** Problem to solve **
Leave out the images; return the rest of the data exactly.

=== Section Start ===

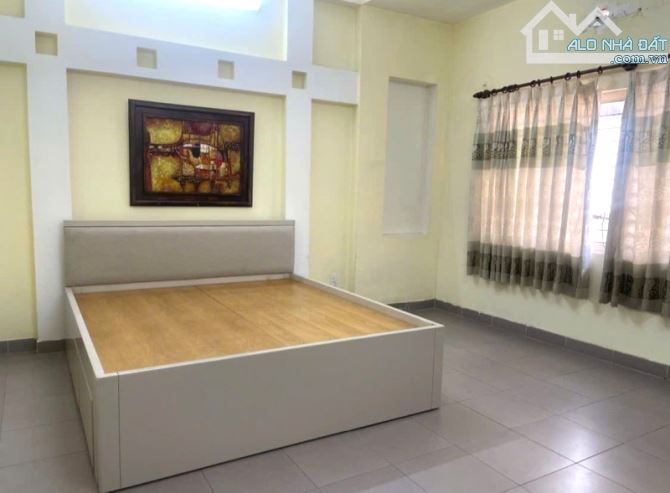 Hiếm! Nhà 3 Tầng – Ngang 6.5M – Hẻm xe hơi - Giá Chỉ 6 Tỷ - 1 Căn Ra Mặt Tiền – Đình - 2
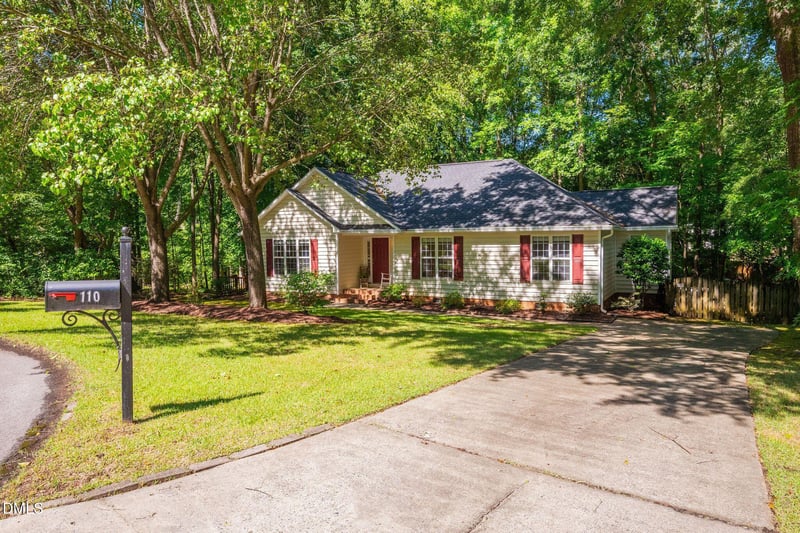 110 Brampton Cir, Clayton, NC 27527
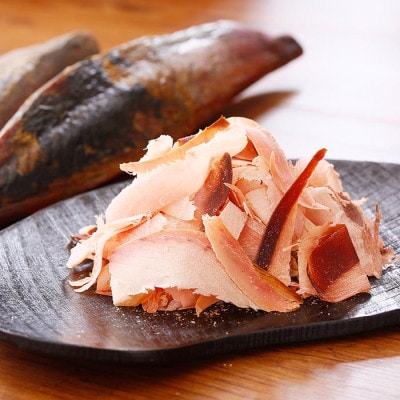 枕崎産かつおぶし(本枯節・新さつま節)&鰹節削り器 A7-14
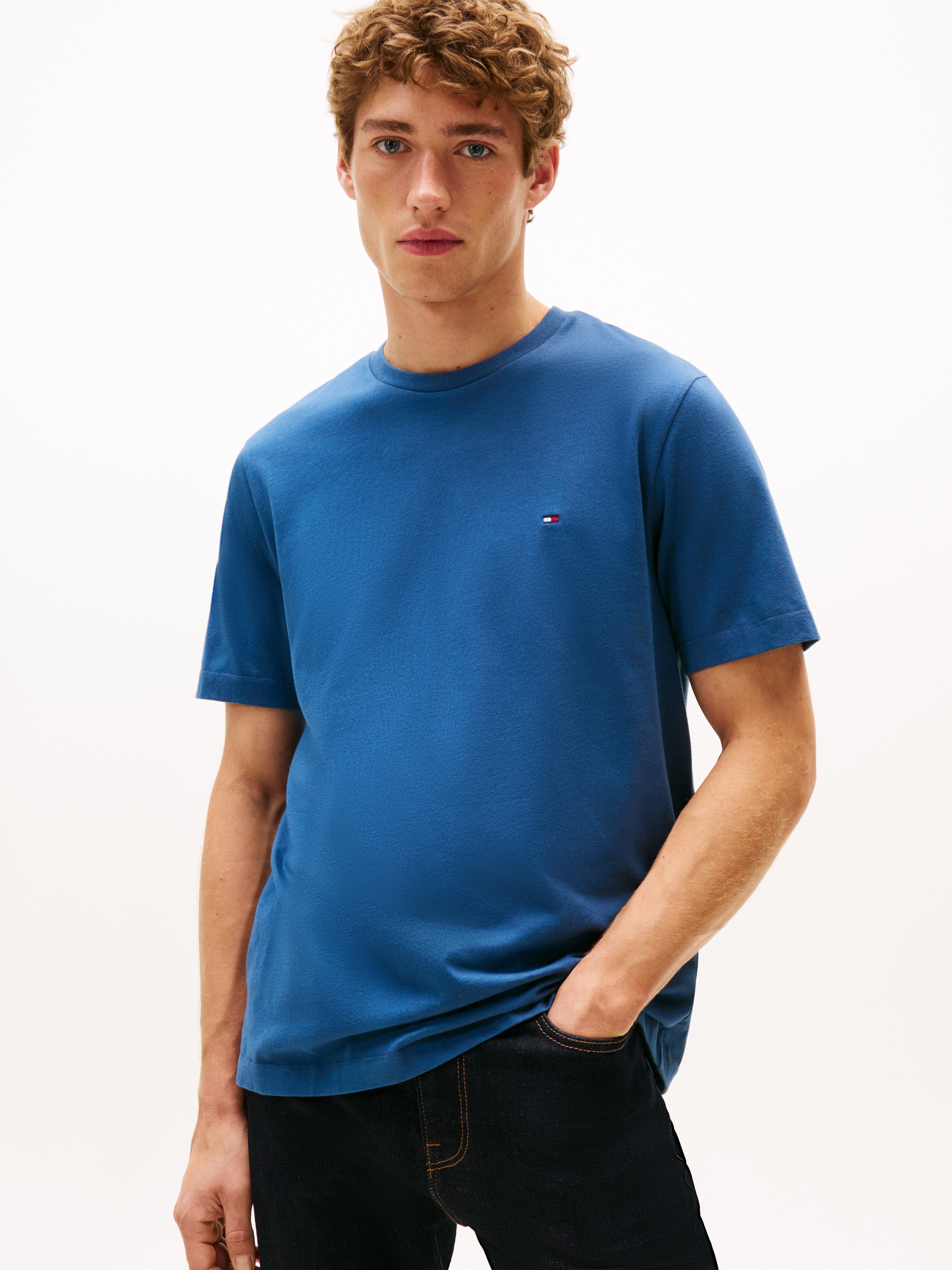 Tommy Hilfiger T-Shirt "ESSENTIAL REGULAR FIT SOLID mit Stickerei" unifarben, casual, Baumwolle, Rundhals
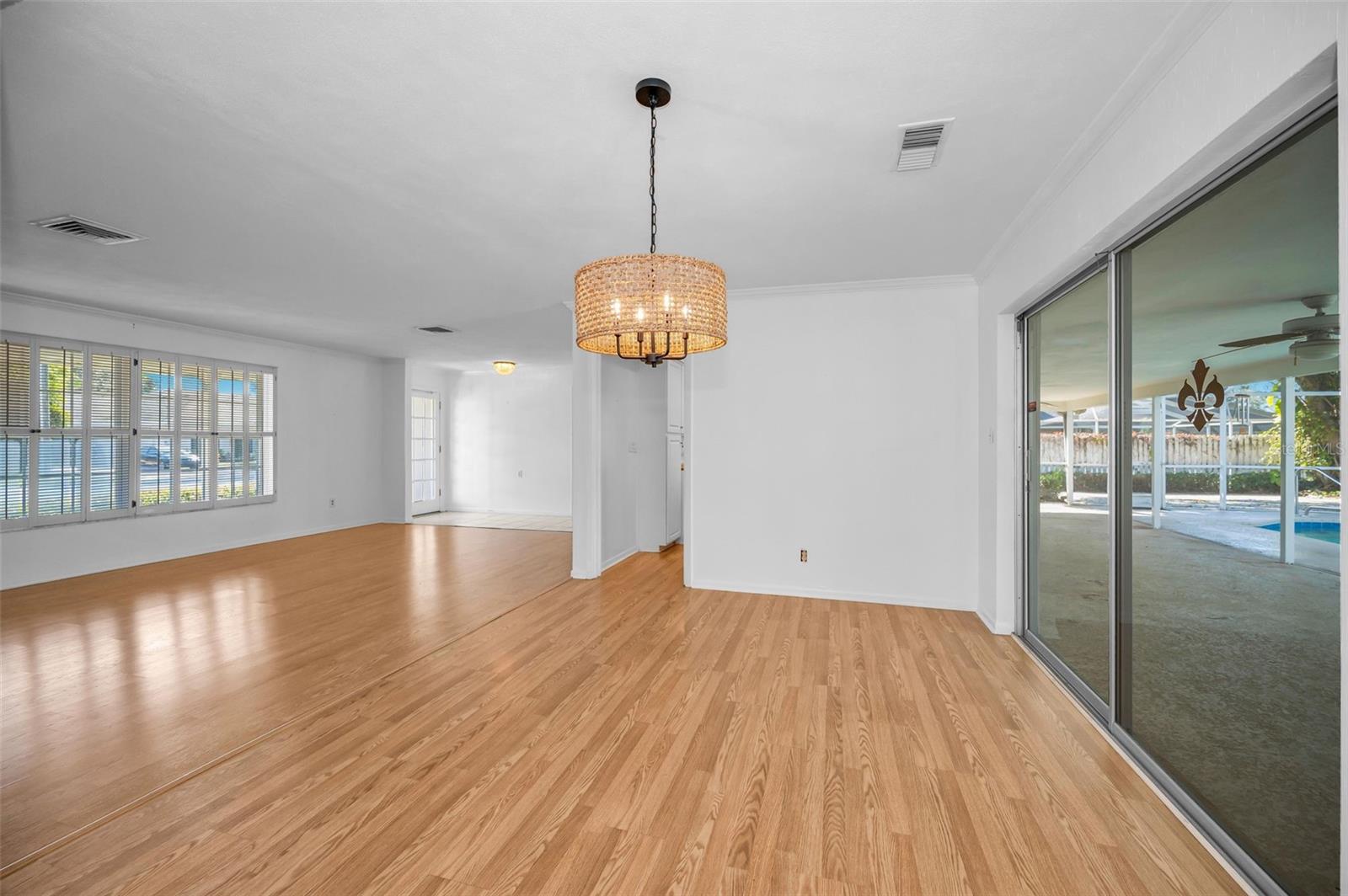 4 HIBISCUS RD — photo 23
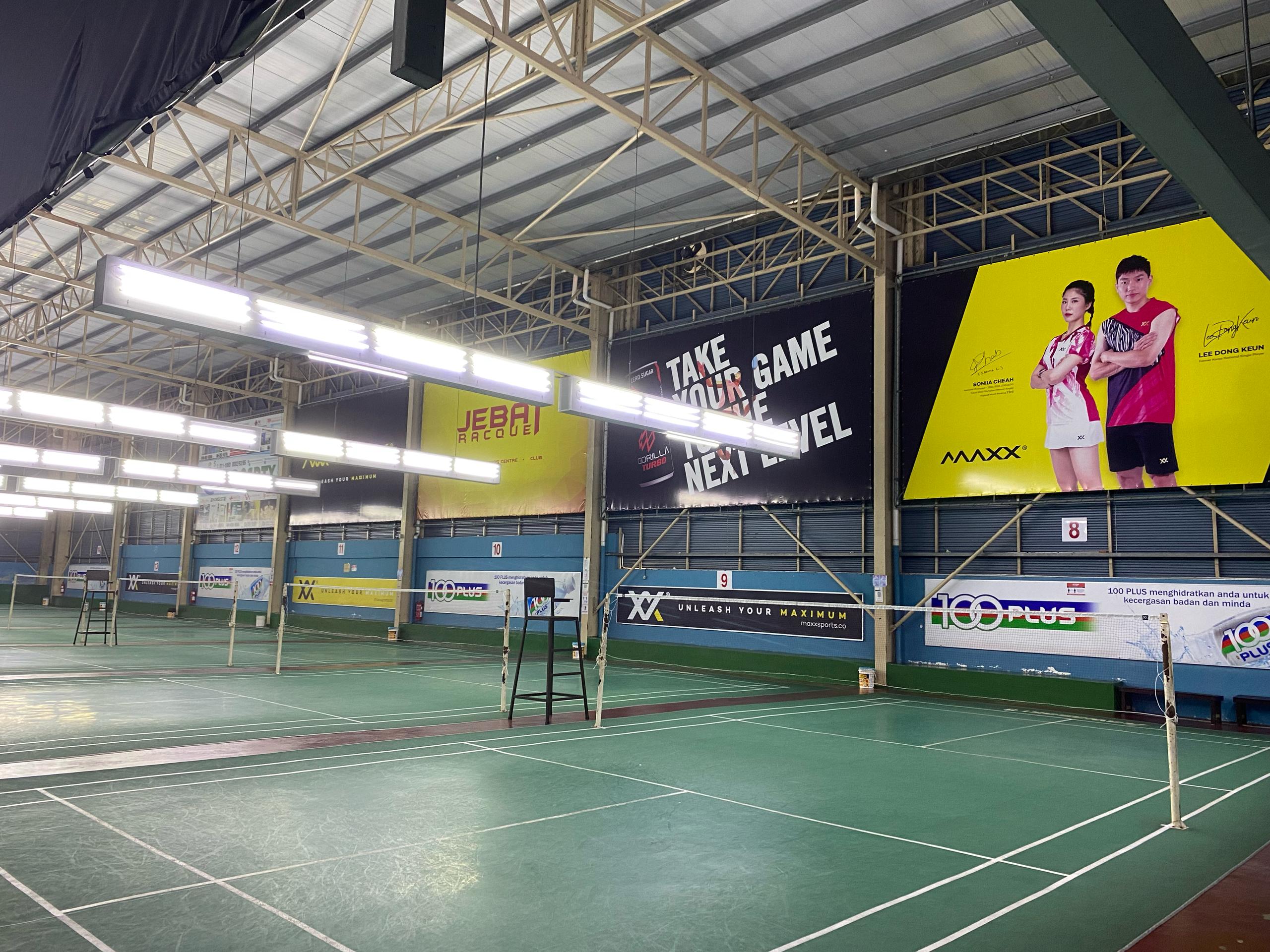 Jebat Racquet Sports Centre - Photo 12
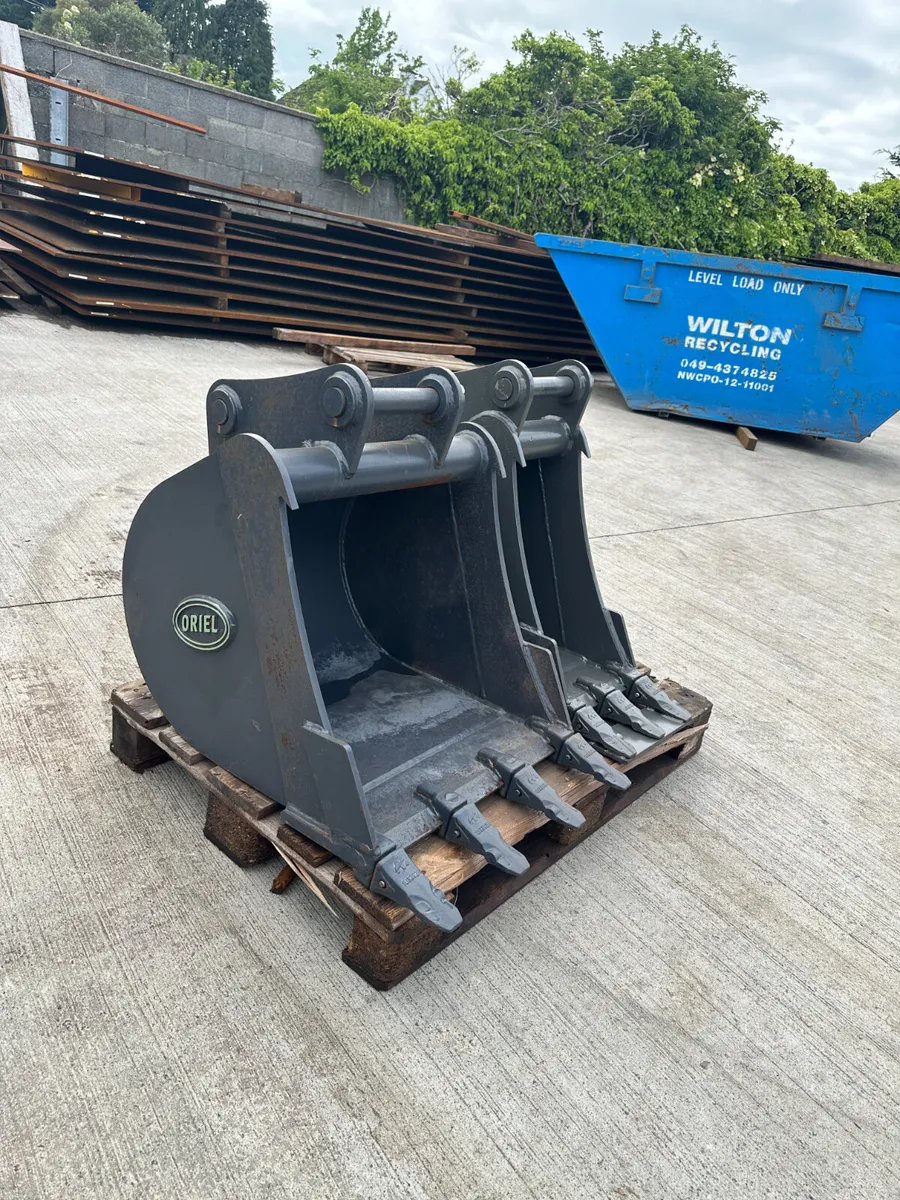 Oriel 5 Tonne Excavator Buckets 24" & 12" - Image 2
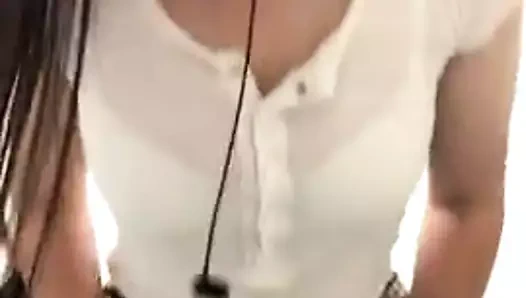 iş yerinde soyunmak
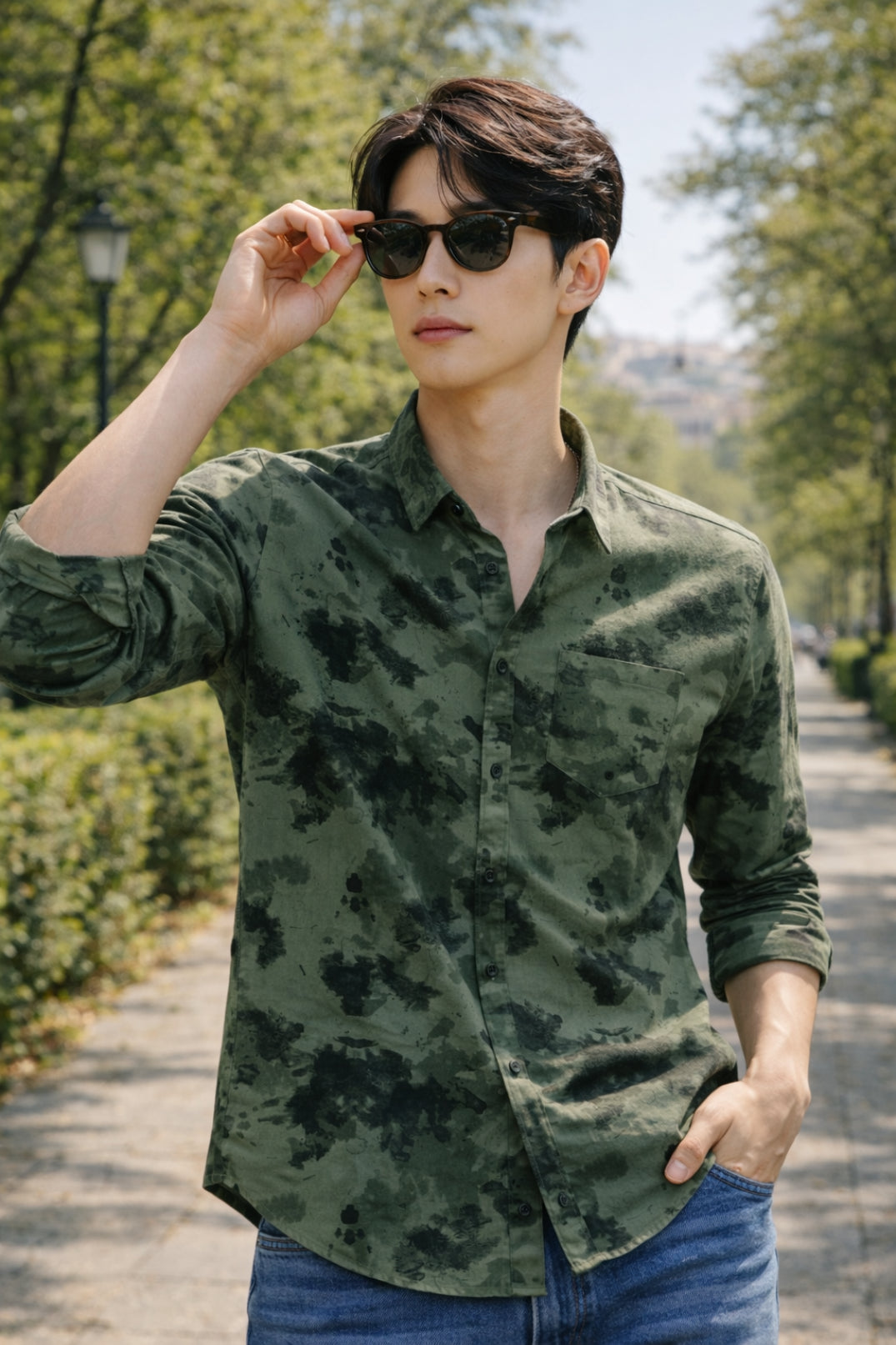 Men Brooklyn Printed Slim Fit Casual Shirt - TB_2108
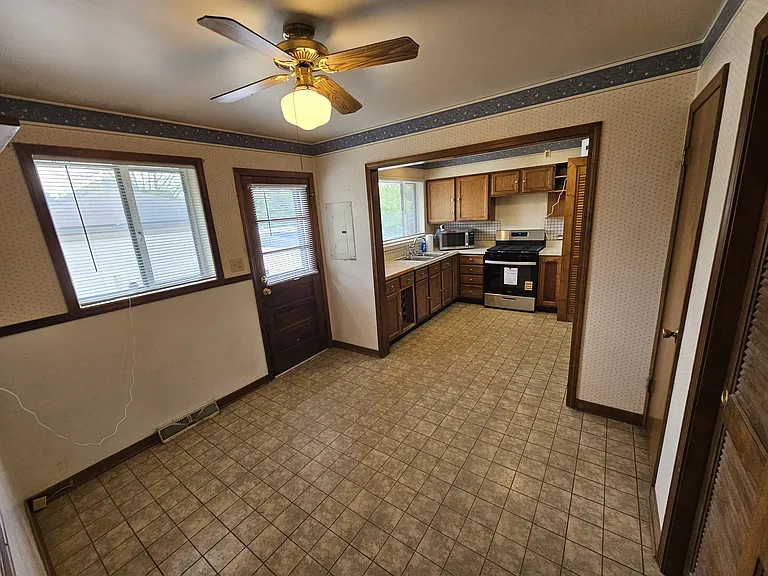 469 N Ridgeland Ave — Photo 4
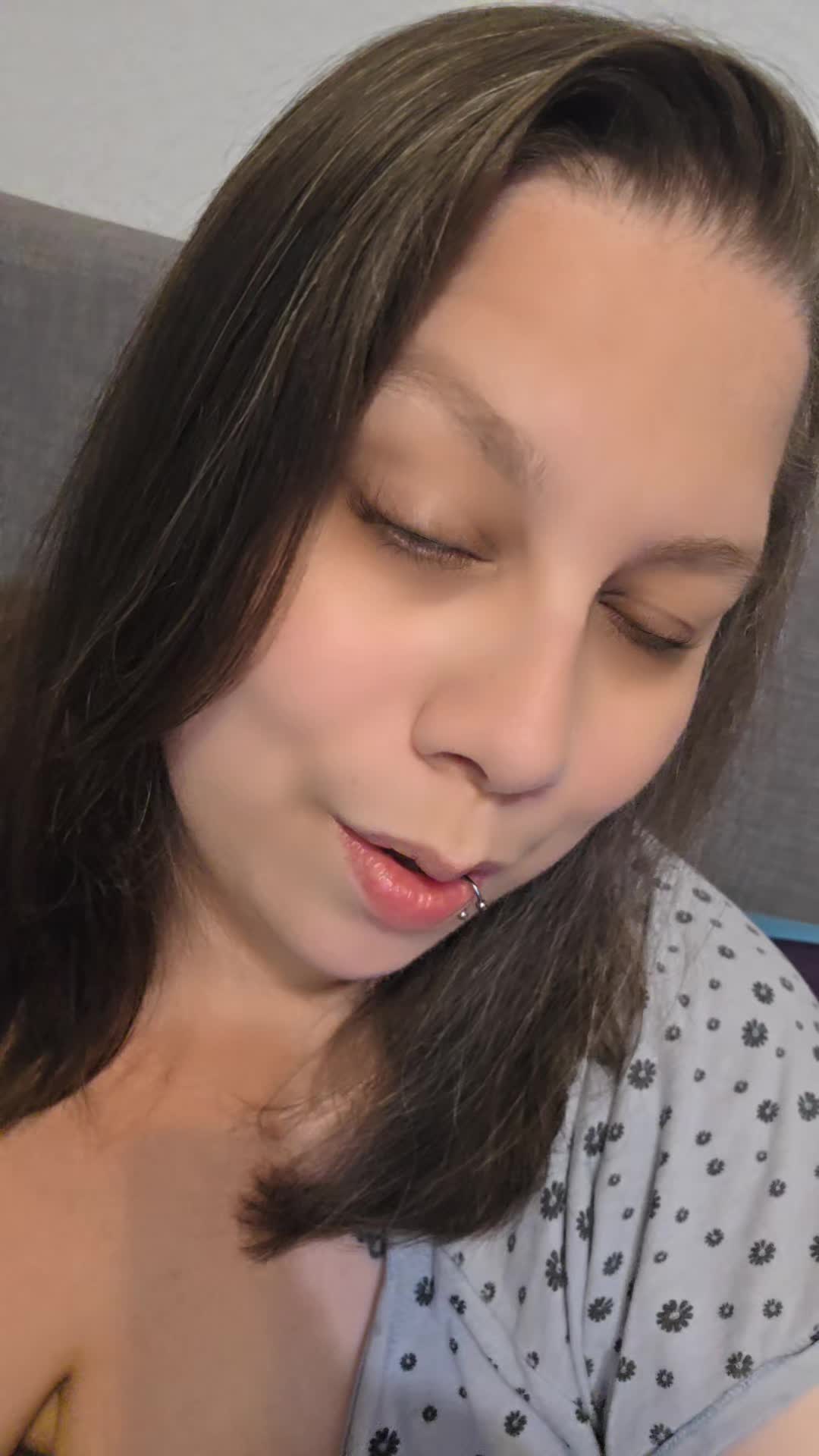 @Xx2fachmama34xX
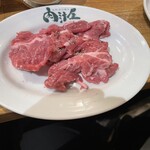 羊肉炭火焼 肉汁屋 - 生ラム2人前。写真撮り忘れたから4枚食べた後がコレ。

=== Section End ===

** Result **
 Hiếm! Nhà 3 Tầng – Ngang 6.5M – Hẻm xe hơi - Giá Chỉ 6 Tỷ - 1 Căn Ra Mặt Tiền – Đình - 2
 110 Brampton Cir, Clayton, NC 27527
 枕崎産かつおぶし(本枯節・新さつま節)&鰹節削り器 A7-14
 Tommy Hilfiger T-Shirt "ESSENTIAL REGULAR FIT SOLID mit Stickerei" unifarben, casual, Baumwolle, Rundhals
 4 HIBISCUS RD — photo 23
 Jebat Racquet Sports Centre - Photo 12
 Oriel 5 Tonne Excavator Buckets 24" & 12" - Image 2
 iş yerinde soyunmak
 Men Brooklyn Printed Slim Fit Casual Shirt - TB_2108
 469 N Ridgeland Ave — Photo 4
 @Xx2fachmama34xX
 羊肉炭火焼 肉汁屋 - 生ラム2人前。写真撮り忘れたから4枚食べた後がコレ。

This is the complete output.